Plus profondément, la victoire électorale du séparatisme confirme la poussée résurgente du nationalisme au coeur même de l'Europe. On a pu évoquer, ces derniers mois, l'affirmation de mouvements populistes ou d'extrême droite en Hongrie, en Slovaquie ou aux Pays-Bas. La Belgique de Bart de Wever concentre plusieurs tendances, puisqu'il manie le fédéralisme fiscal et le repli identitaire comme levier de rupture institutionnelle. Un peu comme la Ligue du Nord, en Italie, qui s'y exerce depuis plus de vingt ans, sans avoir, jusqu'ici, pu ébranler totalement le cadre unitaire.
Un peu partout en Europe, ce vent de crispation identitaire s'incarne selon les spécificités culturelles de chaque pays. Tous ces mouvements ont toutefois en commun de réaffirmer un attachement au droit du sol, qui ne manque pas de préoccuper.
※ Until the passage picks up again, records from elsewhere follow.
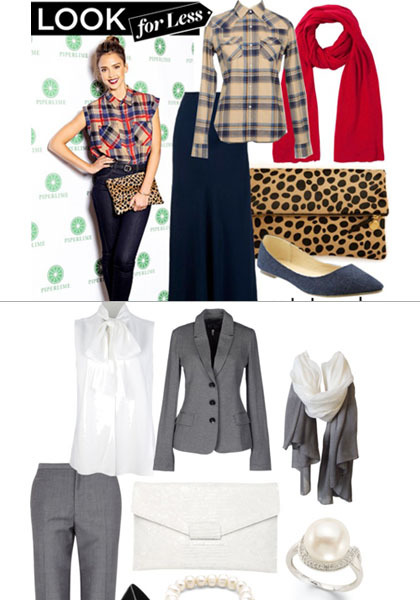 Hijab Style: Tips Tampil Stylish dengan Branded Item untuk 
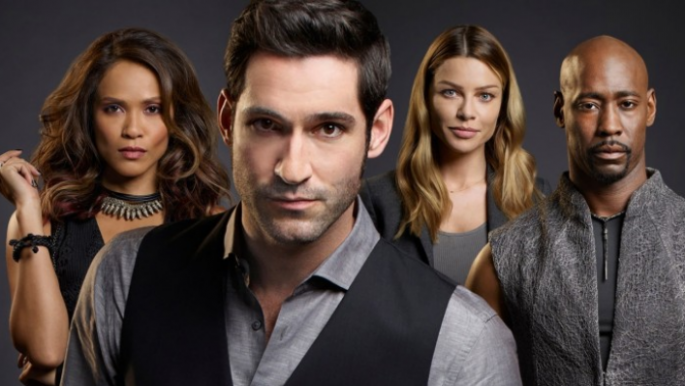 Many cliffhanger storylines of "Lucifer" Season 1 episodes' will eventually be settled as the show gets a green light for Season 2.
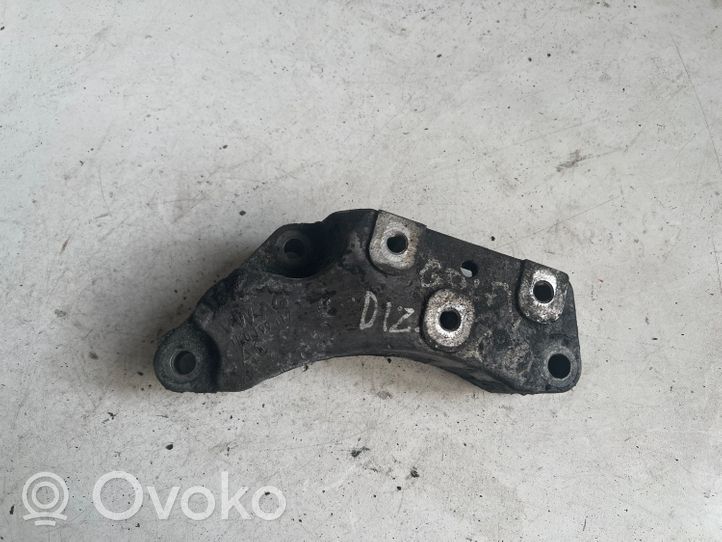 Volkswagen Golf V Supporto di montaggio scatola del cambio 1K0199117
L'écho de la crise belge est d'autant plus retentissant, que le royaume abrite les institutions européennes. Le 1er juillet, une Belgique sans gouvernement, et presque sans raison d'être, assumera la présidence tournante de l'Union Européenne. On se serait volontiers passé de ce signal de faiblesse. Le rôle de plus en plus obsolète de cette présidence tournante n'est qu'une maigre consolation.